Mike Hampton returns to Shea tonight. It is not to commemorate the final season of Shea. It is, if he hasn't hurt himself since this morning, to try and stop the 2008 Mets Express from rolling all over his current team, the Braves. Remember when we worried Mike Hampton would sign with the Braves? Remember when we would have liked him to have resigned with us? Remember Mike Hampton throwing that shutout in Game Five? Or the seven scoreless innings in Game One? Or the 15 wins in the regular season?

Or do you just remember he took a lot of money from the Rockies and said something inane about the area's schools?

I've seen Hampton pitch at Shea twice since he left, in 2001 and 2002. Both times he was booed to with an inch of his Fu Manchu. Both times mocking him was great fun. Both times the Mets defeated him. Both times were good times.

Both times, however, I applauded him very softly when he was announced. He won us the fricking pennant, I thought, where's the appreciation?
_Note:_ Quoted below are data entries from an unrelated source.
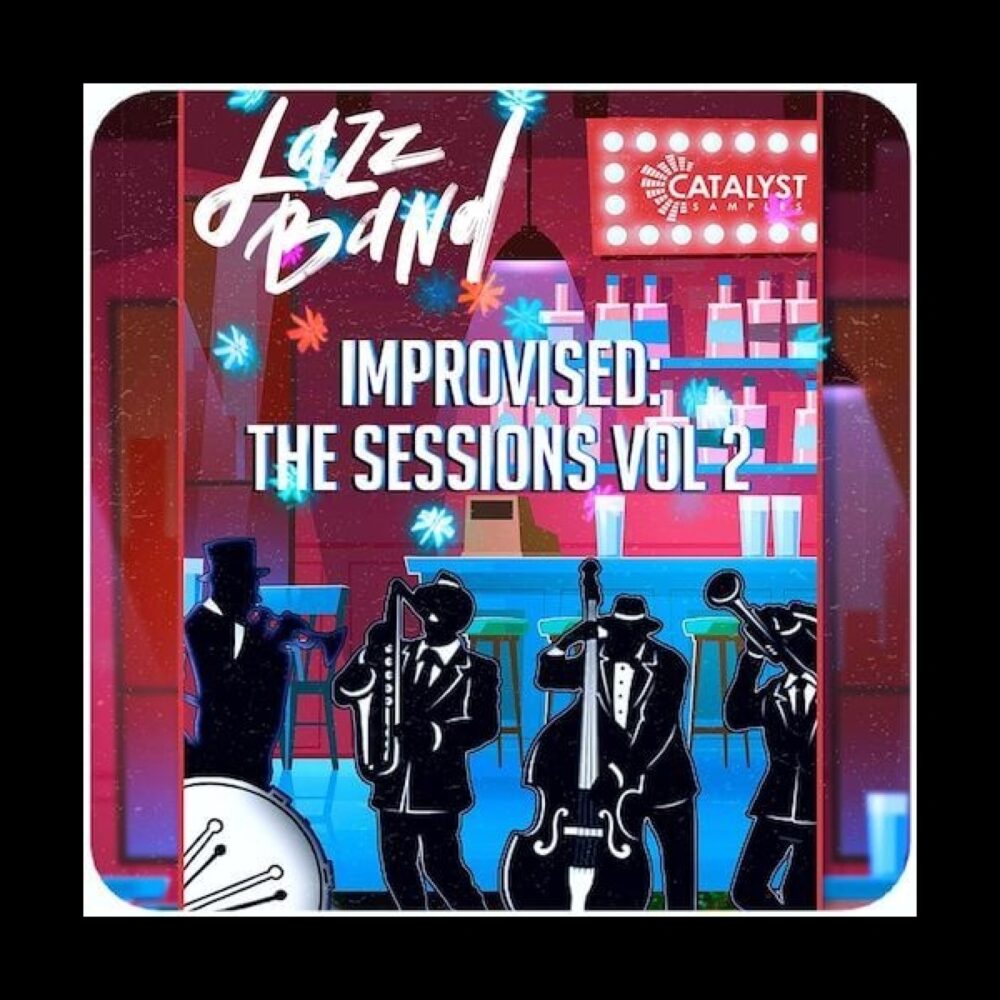 Jazz Band Improvised The Sessions Vol 2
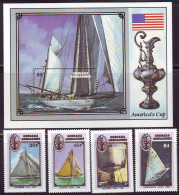 GRENADA GRENADINES  -  AMERICA'S CUP - **MNH - 1987 - Golf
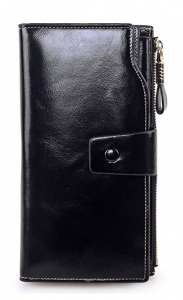 AINIMOER Women’s Large Capacity Luxury Leather Wallet Just $32.97! (Reg. $79.99)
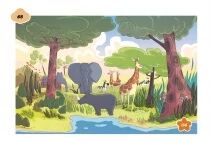 Les super petits héros  Mélange au zoo 8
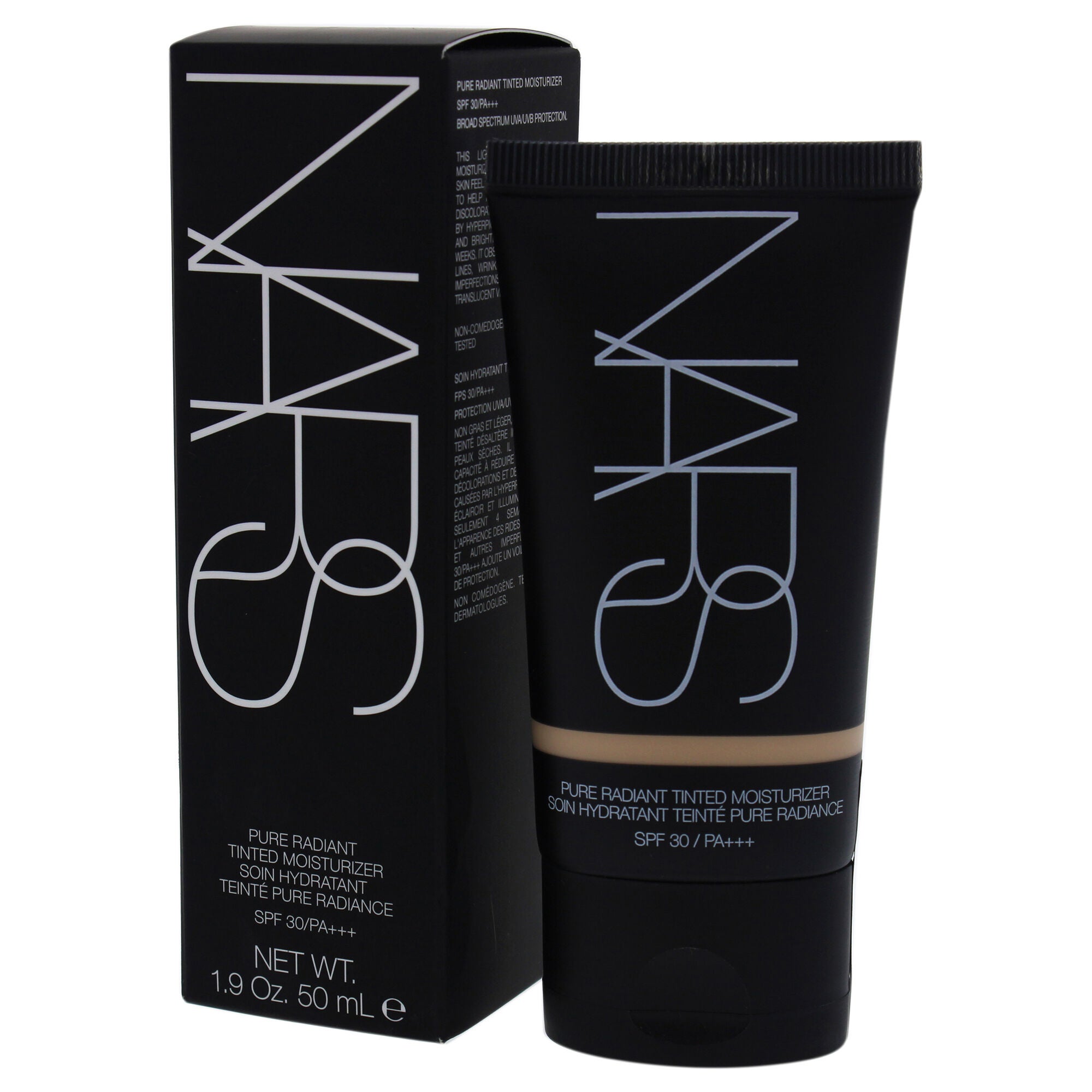 Pure Radiant Tinted Moisturizer SPF 30 PA Plus - L1 Finland by NARS for Women - 1.9 oz Foundation, Brown, alternate image number 3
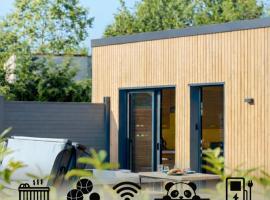 îlot cosy and SPA -Gite à 15 Min DU ZOO DE BEAUVAL, Hotel in Luçay-le-Mâle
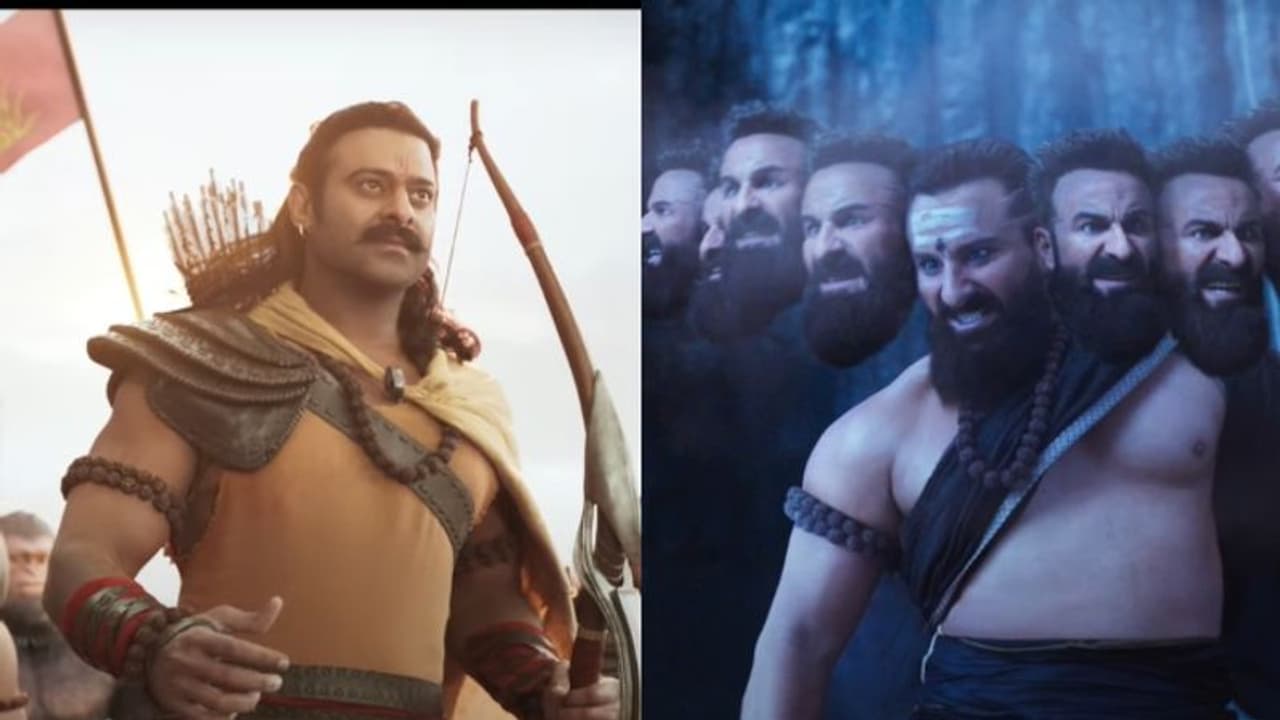 ശ്രീരാമനായി പ്രഭാസ്, രാവണനായി സെയ്ഫ് അലി ഖാന്; 'ആദിപുരുഷ്' ടീസര് ശ്രീരാമനായി പ്രഭാസ്, രാവണനായി സെയ്ഫ് അലി ഖാന്; 'ആദിപുരുഷ്' ടീസര്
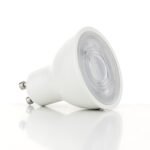 Bec LED  alb dimabil, GU10, 8W, 3000K, 660Lm  L 54mm,  Ø50mm Orion - imagine 2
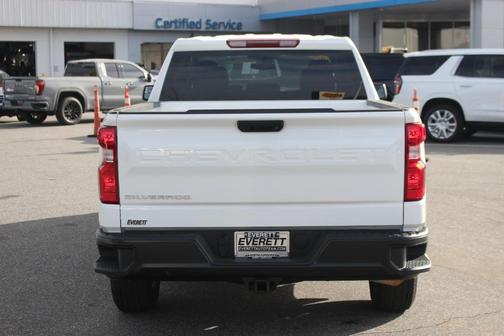 Summit White 2025 Chevrolet Silverado 1500 WT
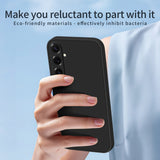 MOFI Samsung Galaxy S26 Fleksibelt Plastik Mobil Cover - Sort
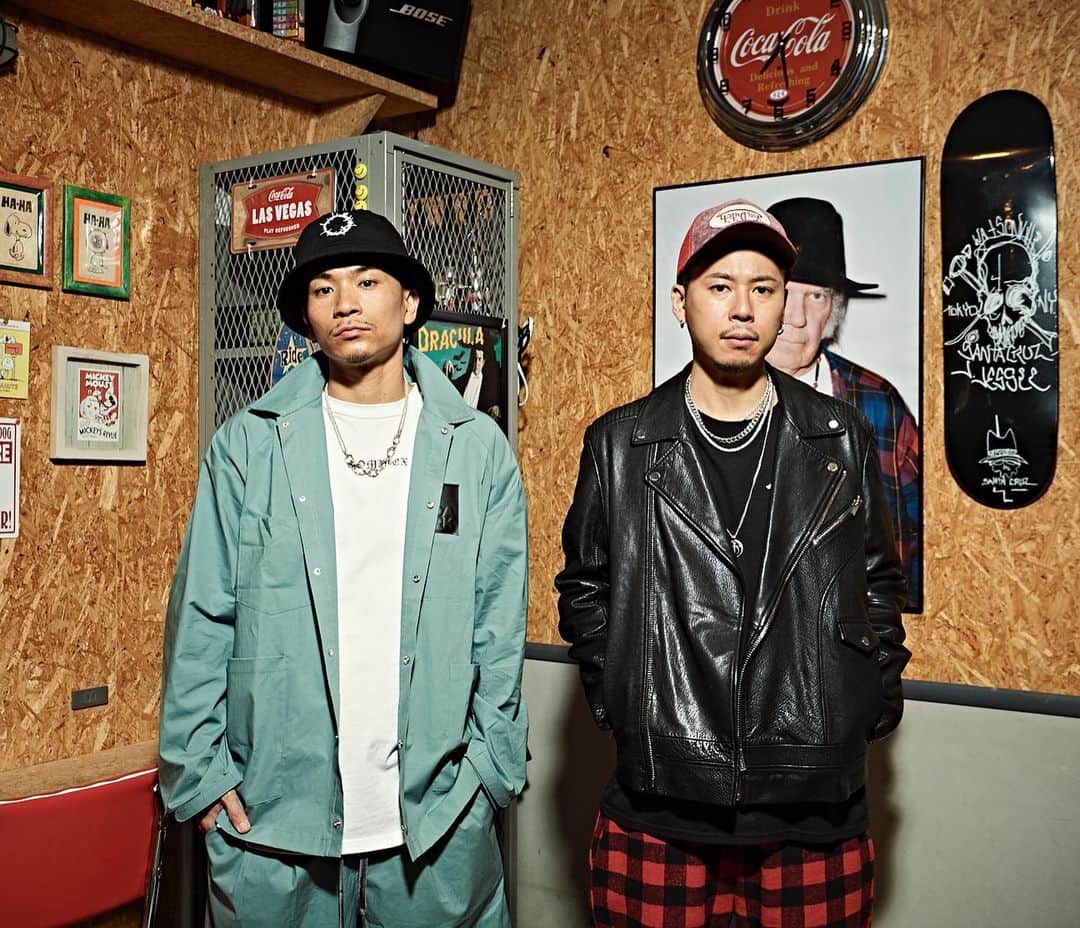 DJ HALのインスタグラム：「インタビュー　視聴していただき ありがとうございました！ また何か発信します✍🏾 With @dj_kekke  Thanks to @takahashi_principeprive  @principeprive & @natsumeokada 📸」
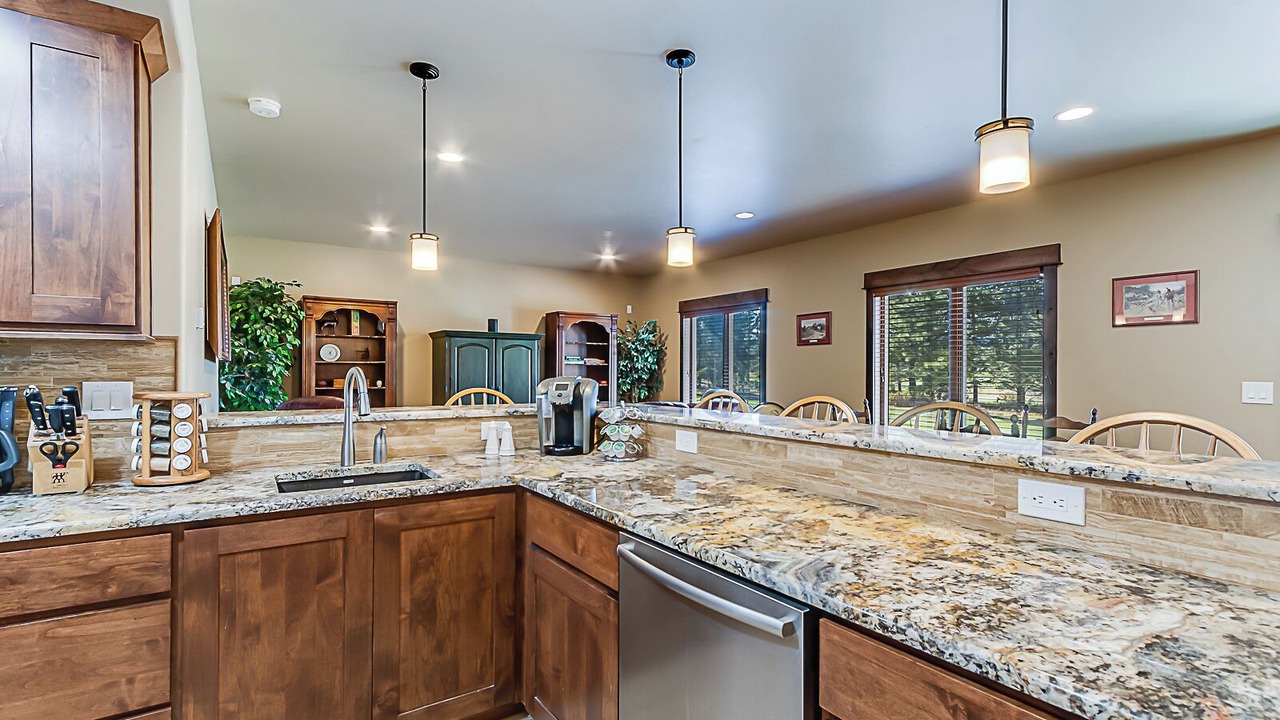 Photo of Kitchen in Red Feather Lakes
From here, Mike Hampton never looked comfortable in New York. He was a salary dump by the Astros and a hired gun for the Mets. He was the ace we desperately needed who took a little time to live up to his previous notices (sound familiar?) but when we required a step up in class, he generally gave it to us. He did it in the heart of the regular season, he didn't do it against the Giants or Yankees in the postseason, but he sure as hell did it against the Cardinals. You could argue Alfonzo or Perez or Zeile could have been NLCS MVP, but you couldn't argue with Hampton.

Then he left as a free agent, signed an enormous contract somewhere else and insulted our intelligence some by implying he wasn't lured to Denver by $121 million over eight seasons, the eighth of them playing out as we speak. I recall the Mets making him an extravagant offer that was blown out of the water by Colorado's. I forget the exact numbers, but I don't think we were going beyond six years or much above $100 million.

Real bang for the buck that would have been.

Mike Hampton was never a terribly sympathetic figure in a Mets uniform. For some reason it irked me that one time he sat on the bench in a Cleveland Browns helmet, as if he wished he were in another place, in another sport. The football mentality, if he had one, should have been shown in some other way, like retaliating for Piazza and the bat shard in Game Two of the World Series. But that was all background noise to his Mets legacy in my mind. The main attraction was that NLCS performance, that clinching game, that pennant, still the last one earned by a Mets team at Shea Stadium. That alone should get you a hall pass to say all kinds of silly things about all kinds of silly schools.

If he's remembered by the Shea crowd tonight, eight years later, it won't be with fondness. But listen closely after he's introduced. You'll hear one fleeting round of very soft applause before he is treated like any other Brave.

And if he's languishing again on the DL come September 28, he's welcome back on my watch for the final weekend. He can take Ryan's place.

I have been reminded that the late Tug McGraw closed out an NLCS for the Mets at Shea in 1973. He remained pretty popular in Queens for the rest of his life, though like Jesse Orosco, who finished off the Astros in Houston in 1986, he was traded away one season later.